(February 1, 2018 at 11:01 am)Khemikal Wrote: Well, that's the rub, if what you're looking for is a state of mind..then a placebo is a pretty cheap way to effect that. Otherwise you gotta go buy drugs, lol. Positive thinking may not actually lead, directly, to positive outcomes, but it leads to a better mood which often -does- lead to more positive outcomes..or at least a more positive experience of poor outcomes.
The silliness and pointlessness isn't in prayer or any other ritual to achieve that effect, it's in peoples misunderstanding and misattributons -of- the effect or the nature of the act.
I wouldn't put it like that. It is a placebo regardless. Prayer is one form. You can think positively about anything and do so without any pragmatic data to know you are right. Just like I was "positive" that if I just showed Ann McCarthy that I was "in love" with her, she would respond. You can be "positive" about anything but that is not evidence that what you are positive about will happen or is true. Just like kids are positive about Santa. Many get presents but that still does not make Santa real.
I would agree it is a misunderstanding and miss -attribute. Point is, you can be positive and certain and dead wrong at the same time. Prayer only works in the context that if enough people buy into it collectively as a social norm, it can create a collective group. The ancient Egyptians were successful for 3,000 years falsely believing that praying to Ra and Osiris and Horus and Isis was a REAL deal, and that false belief did allow for their 3,000 year dynasty but that still did not make their polytheistic gods true or real.

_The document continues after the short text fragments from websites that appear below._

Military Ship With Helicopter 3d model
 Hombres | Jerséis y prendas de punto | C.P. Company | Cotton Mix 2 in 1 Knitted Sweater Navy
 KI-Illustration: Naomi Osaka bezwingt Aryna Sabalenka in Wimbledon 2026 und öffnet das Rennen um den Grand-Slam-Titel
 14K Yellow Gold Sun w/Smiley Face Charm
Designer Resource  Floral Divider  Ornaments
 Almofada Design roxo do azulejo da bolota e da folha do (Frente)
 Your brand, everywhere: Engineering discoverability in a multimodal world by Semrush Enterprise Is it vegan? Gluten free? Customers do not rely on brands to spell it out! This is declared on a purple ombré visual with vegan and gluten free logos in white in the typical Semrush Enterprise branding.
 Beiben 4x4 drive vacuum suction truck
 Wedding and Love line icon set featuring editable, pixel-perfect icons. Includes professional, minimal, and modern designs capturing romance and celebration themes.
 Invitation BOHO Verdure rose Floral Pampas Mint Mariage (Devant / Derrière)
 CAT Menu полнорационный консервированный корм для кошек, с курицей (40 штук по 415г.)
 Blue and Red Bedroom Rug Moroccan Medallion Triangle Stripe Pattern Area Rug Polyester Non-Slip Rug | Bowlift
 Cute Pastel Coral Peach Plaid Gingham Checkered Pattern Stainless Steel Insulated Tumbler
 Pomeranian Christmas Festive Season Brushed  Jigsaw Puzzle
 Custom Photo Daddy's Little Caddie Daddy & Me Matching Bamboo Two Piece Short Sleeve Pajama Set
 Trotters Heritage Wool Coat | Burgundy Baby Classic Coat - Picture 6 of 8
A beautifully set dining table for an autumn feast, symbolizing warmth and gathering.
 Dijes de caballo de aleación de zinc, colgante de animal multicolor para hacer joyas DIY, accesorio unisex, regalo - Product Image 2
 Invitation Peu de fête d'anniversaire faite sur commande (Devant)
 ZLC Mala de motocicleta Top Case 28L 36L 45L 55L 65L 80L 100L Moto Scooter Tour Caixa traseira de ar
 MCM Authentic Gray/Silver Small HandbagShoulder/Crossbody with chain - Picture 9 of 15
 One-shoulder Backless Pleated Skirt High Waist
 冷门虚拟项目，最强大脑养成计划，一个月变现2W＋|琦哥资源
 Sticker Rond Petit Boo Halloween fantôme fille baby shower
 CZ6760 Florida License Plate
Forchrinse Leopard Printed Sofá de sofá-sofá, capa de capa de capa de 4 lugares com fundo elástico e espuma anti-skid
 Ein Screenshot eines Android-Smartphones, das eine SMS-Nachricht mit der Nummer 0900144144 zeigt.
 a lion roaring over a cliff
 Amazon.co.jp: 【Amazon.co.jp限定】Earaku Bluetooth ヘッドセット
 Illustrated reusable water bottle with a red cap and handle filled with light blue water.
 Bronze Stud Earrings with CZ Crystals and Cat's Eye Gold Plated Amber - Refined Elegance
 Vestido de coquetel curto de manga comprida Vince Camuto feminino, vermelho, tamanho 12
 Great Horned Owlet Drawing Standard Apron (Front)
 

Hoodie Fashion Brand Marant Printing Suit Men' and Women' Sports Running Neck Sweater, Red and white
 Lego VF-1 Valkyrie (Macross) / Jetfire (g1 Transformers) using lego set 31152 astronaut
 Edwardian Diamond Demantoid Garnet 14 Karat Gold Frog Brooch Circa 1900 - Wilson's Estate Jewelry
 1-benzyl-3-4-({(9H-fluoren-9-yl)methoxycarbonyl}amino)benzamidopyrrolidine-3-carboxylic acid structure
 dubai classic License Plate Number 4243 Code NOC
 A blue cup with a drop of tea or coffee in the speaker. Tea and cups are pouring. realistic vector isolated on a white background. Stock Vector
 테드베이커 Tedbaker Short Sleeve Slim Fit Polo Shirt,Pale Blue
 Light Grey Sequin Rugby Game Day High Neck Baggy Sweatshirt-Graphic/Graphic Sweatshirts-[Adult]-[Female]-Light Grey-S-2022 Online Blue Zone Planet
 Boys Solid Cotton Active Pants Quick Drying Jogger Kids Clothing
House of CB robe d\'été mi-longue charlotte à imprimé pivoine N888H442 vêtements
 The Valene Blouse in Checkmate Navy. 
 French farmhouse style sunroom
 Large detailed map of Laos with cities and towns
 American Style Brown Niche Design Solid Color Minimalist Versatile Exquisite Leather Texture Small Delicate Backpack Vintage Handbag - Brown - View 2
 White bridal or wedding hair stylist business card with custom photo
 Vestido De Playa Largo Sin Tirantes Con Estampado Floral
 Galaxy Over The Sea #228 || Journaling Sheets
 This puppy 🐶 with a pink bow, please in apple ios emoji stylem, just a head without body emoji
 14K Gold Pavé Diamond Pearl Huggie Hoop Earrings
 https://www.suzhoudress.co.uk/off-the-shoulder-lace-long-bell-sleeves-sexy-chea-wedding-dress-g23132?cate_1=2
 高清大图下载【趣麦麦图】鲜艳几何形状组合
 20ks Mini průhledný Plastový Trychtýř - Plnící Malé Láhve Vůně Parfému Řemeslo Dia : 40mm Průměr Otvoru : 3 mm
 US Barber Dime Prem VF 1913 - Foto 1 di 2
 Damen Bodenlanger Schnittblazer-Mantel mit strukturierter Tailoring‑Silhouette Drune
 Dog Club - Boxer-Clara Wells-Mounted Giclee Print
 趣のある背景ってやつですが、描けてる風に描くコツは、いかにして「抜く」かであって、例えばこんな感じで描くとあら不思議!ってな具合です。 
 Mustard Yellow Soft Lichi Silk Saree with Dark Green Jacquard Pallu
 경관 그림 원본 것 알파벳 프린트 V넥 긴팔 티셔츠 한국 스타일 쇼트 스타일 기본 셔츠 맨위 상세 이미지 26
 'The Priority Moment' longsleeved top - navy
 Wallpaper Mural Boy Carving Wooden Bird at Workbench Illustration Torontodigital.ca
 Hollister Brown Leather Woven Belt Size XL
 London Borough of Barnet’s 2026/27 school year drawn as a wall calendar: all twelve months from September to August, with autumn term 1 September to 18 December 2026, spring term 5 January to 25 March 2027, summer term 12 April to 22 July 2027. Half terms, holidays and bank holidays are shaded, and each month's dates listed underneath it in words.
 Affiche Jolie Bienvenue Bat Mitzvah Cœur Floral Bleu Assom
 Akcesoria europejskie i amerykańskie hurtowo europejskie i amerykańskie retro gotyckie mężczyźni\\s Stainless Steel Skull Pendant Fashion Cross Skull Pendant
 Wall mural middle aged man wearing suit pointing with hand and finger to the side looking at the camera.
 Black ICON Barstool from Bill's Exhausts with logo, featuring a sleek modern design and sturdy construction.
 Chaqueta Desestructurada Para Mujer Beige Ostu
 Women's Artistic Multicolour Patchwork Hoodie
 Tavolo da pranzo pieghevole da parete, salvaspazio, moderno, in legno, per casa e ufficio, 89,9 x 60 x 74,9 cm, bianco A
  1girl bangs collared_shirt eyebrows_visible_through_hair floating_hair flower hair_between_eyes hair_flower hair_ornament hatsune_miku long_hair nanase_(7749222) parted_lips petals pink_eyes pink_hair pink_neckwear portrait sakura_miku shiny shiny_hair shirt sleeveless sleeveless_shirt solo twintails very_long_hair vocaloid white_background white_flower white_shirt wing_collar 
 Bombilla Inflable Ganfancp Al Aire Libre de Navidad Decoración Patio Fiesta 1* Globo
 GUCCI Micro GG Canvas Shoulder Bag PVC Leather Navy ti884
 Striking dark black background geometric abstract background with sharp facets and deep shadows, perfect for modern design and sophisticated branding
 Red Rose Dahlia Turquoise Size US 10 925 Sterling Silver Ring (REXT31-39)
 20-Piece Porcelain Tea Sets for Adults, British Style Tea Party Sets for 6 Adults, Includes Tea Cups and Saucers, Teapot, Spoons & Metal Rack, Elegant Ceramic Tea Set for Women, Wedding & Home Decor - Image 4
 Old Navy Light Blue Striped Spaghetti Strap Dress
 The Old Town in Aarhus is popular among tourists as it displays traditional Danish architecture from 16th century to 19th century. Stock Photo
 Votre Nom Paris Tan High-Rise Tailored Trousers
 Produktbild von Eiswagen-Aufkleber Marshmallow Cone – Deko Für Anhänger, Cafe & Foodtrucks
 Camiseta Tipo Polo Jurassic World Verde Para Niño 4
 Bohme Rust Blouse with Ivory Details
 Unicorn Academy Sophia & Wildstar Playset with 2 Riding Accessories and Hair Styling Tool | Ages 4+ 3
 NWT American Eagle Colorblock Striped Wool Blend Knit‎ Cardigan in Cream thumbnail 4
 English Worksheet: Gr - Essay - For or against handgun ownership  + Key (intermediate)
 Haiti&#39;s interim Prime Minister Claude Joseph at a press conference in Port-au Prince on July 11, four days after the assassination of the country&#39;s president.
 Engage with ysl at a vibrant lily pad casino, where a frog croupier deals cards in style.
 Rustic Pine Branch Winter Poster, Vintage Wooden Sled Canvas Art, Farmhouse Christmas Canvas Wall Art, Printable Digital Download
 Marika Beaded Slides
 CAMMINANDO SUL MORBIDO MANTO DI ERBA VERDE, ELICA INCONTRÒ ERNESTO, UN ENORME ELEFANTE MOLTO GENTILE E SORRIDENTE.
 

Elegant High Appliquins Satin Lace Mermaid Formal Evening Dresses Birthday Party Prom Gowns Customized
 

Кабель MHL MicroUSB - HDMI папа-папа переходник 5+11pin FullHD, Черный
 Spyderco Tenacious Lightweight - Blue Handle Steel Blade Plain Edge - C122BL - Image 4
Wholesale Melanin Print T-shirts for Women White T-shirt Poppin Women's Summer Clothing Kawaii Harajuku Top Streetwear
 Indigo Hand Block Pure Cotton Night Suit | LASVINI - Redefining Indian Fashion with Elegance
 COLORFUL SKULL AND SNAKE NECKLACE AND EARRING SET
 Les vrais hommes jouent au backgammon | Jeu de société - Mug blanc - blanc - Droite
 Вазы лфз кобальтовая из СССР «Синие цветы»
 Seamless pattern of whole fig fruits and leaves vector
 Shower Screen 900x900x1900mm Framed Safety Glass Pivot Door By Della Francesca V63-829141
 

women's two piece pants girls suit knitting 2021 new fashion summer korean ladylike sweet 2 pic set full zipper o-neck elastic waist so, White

I don't see how calling pray a placebo is "cheap" because it is cheap. It is because of what you said in misunderstanding that makes it cheap. It allows one to be intellectually lazy. It is easier for our species to buy into a fantasy than it is for us to do the work to figure out what the real observable world is. It is easier for humans to think of themselves as important than it is to face the reality we are not.